# Exercise goal
Leave the pictures out, and transcribe the material below exactly from the line with "Tran Library Bingo Card" to the line with "Beret female literary", both lines included.

# Material for the task
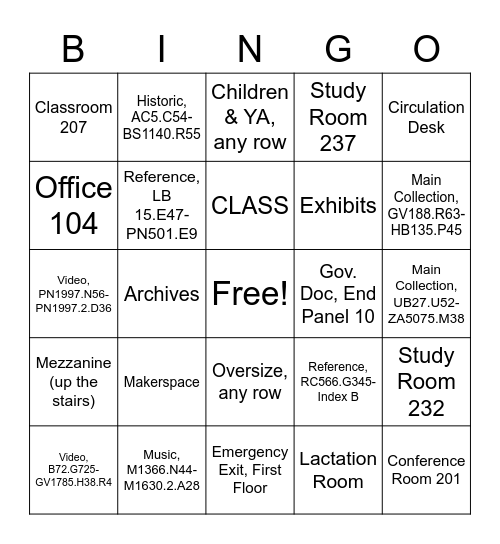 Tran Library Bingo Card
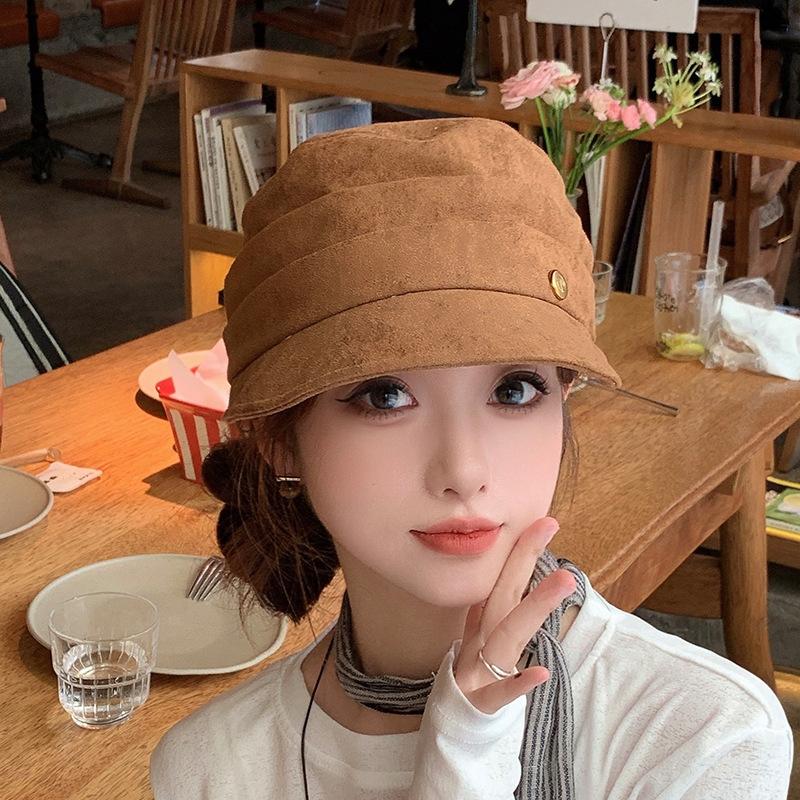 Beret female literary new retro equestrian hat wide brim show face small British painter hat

==

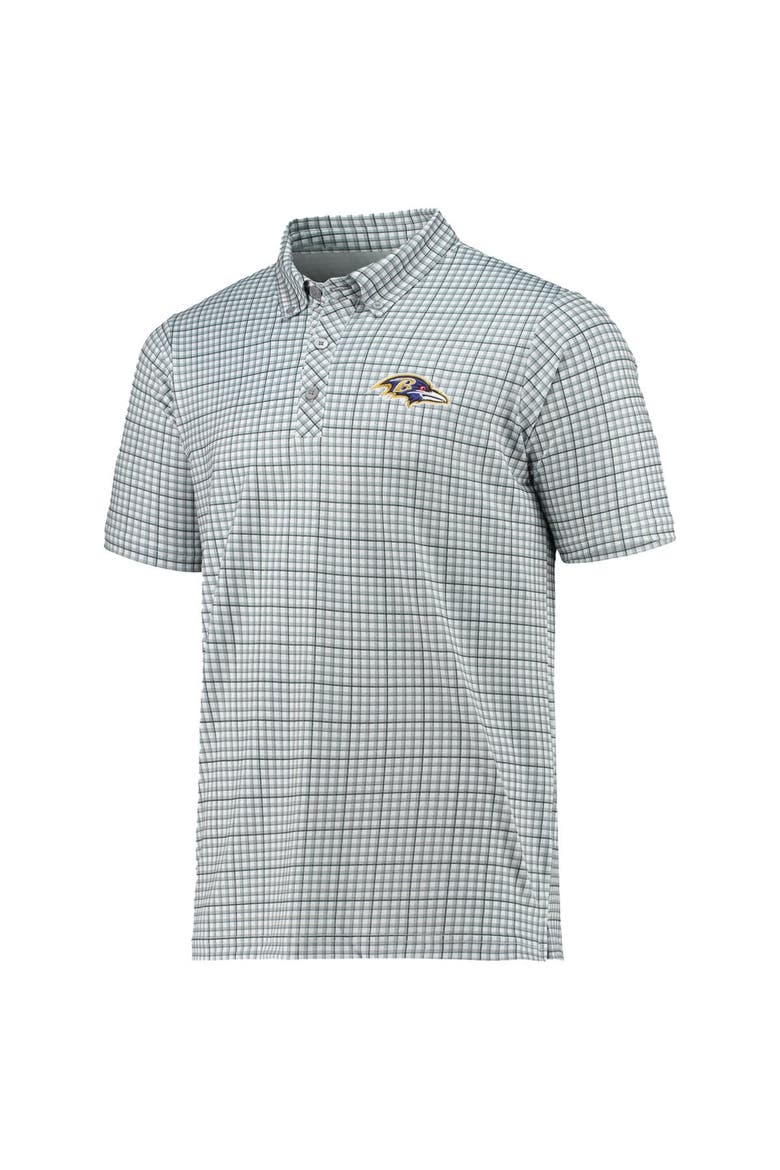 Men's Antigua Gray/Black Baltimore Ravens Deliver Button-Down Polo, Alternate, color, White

# Your solution
 Tran Library Bingo Card
 Beret female literary new retro equestrian hat wide brim show face small British painter hat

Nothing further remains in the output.